I'm serializing some data and want to make the file size as small as possible without losing the essential details of the data. The first step for me was to save the data in a binary format instead of ASCII and I decided to try Flatbuffers. Previously when the data were stored as text files, they were about 400 mb. Using the schema shown below, the file is about 200 mb. So that's a nice decrease in size, but smaller would of course be better. The data consist of 1 of the ControlParams, 82 of the ControlData, and the intensity vector takes up most of the space, being a matrix with a size of about 128x5000. We are already around the theoretical binary size of 128x5000*82 * 4 bytes per float ~ 200 mb. The matrices are pretty dense in general, but here and there I can see rows that are zero. Can Flatbuffers take advantage of these zeros to reduce the file size further? Perhaps there are other inefficiencies that someone can spot in the schema, since I just am getting started with Flatbuffers?
Another way to go about reducing the file size might be investigating different wavelets to compress the original intensities with. I'm using the Haar transform now because I was able to make a C++ function to do this, and found that a compression of 2x or possibly 4x was possible. I might like to investigate other wavelets, but would like to know if others have tried different wavelets compared to Haar and found they were able to use fewer coefficients with them.
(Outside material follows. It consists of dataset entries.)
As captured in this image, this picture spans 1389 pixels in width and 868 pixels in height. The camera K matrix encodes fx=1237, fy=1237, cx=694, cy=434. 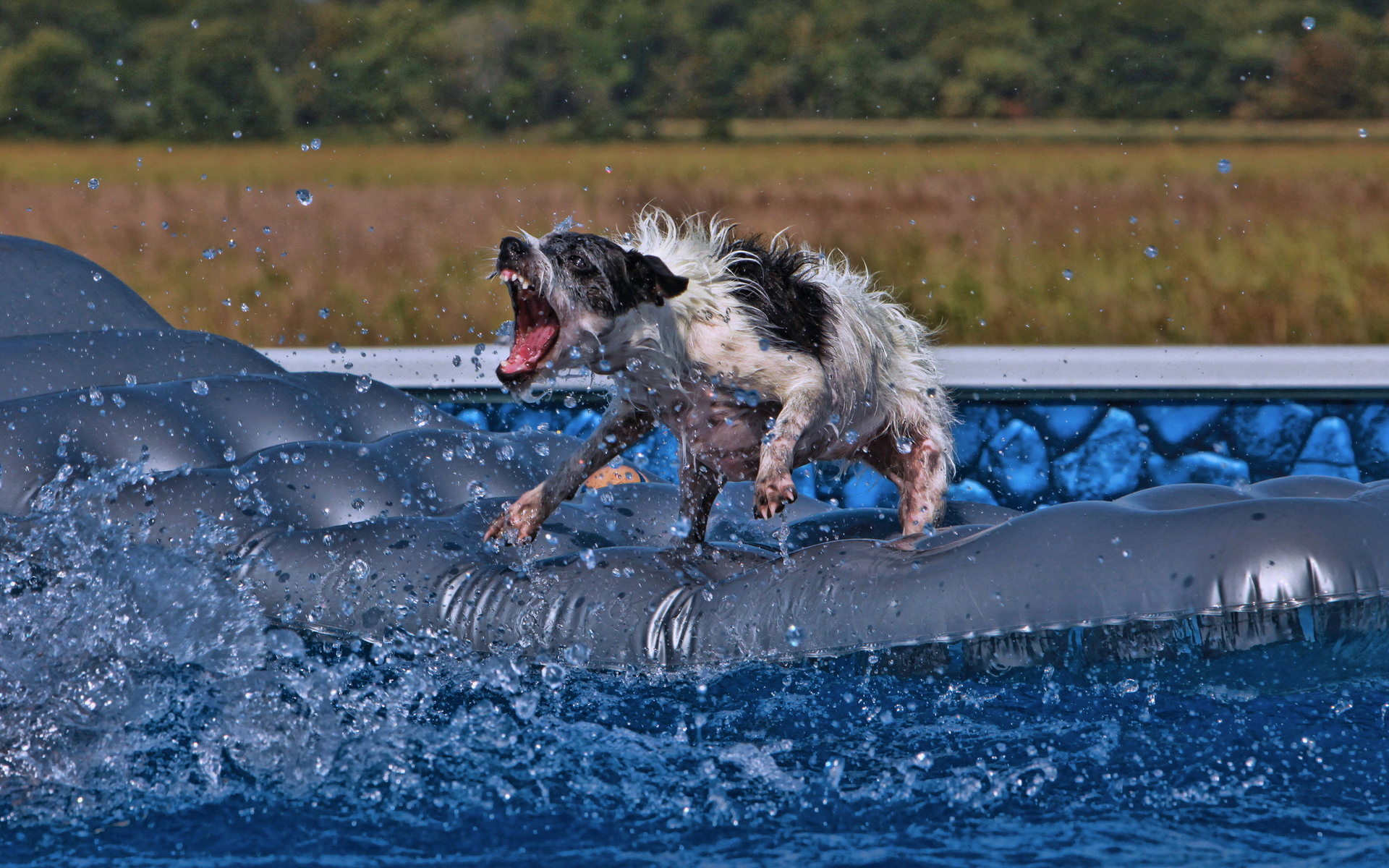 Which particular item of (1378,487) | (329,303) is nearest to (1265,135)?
(329,303)

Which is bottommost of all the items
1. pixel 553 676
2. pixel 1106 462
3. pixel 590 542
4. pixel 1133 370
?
pixel 553 676

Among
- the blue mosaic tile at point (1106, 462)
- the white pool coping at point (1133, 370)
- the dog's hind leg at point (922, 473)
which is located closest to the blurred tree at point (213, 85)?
the white pool coping at point (1133, 370)

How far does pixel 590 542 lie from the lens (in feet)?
12.6

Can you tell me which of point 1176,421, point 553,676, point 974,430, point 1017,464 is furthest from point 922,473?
point 1176,421

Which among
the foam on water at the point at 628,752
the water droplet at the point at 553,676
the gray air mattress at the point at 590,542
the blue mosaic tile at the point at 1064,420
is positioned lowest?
the foam on water at the point at 628,752

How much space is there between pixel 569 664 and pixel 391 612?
0.52 metres

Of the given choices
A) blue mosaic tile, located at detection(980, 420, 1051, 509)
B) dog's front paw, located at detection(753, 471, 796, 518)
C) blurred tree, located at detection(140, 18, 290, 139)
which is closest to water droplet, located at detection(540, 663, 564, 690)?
dog's front paw, located at detection(753, 471, 796, 518)

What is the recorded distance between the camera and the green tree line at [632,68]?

namespace RTSerialization;
table ControlParams{
extractStepSizeDa:float = 1.0005;
smooth:bool = false;
haarLevel:int = 10;
deltaTimeSec:float;
}
table ControlData{
mzAxis:[float];
timeSec:[float];
intensities:[float];
scanFilter:string;
}
table ControlParamsAndData{
params:ControlParams;
dataSet:[ControlData];
}
root_type ControlParamsAndData;
Yes, your size is entirely determined by a single float array, the rest of the FlatBuffer format is entirely irrelevant to the question of how to make this smaller.
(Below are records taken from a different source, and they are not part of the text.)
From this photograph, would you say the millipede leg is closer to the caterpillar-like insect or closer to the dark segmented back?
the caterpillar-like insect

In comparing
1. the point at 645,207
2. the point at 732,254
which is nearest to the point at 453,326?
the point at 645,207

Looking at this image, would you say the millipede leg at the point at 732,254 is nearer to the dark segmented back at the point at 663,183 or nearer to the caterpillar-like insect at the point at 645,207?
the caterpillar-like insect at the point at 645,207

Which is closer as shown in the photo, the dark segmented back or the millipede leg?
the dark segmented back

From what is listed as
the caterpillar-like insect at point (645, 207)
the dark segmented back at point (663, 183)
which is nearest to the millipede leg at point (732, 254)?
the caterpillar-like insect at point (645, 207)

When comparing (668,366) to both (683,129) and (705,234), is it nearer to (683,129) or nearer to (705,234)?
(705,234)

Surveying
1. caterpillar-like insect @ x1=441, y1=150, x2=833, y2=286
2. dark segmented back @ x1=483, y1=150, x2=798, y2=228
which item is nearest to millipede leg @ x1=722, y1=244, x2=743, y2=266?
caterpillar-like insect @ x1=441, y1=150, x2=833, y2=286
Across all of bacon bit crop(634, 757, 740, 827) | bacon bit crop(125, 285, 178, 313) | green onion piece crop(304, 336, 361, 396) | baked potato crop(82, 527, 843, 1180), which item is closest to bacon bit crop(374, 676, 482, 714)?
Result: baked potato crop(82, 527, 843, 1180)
And no, FlatBuffers doesn't do any form of automatic compression, since the design is all about random access. Any access to your float array should be O(1).
So optimizing this data comes entirely down to you. You say the data is matrices.. floats in matrices are often in limited ranges like -1 to 1, so could be quantized into a short?
Other forms of compression of course mean you'd have to do your own packing/unpacking.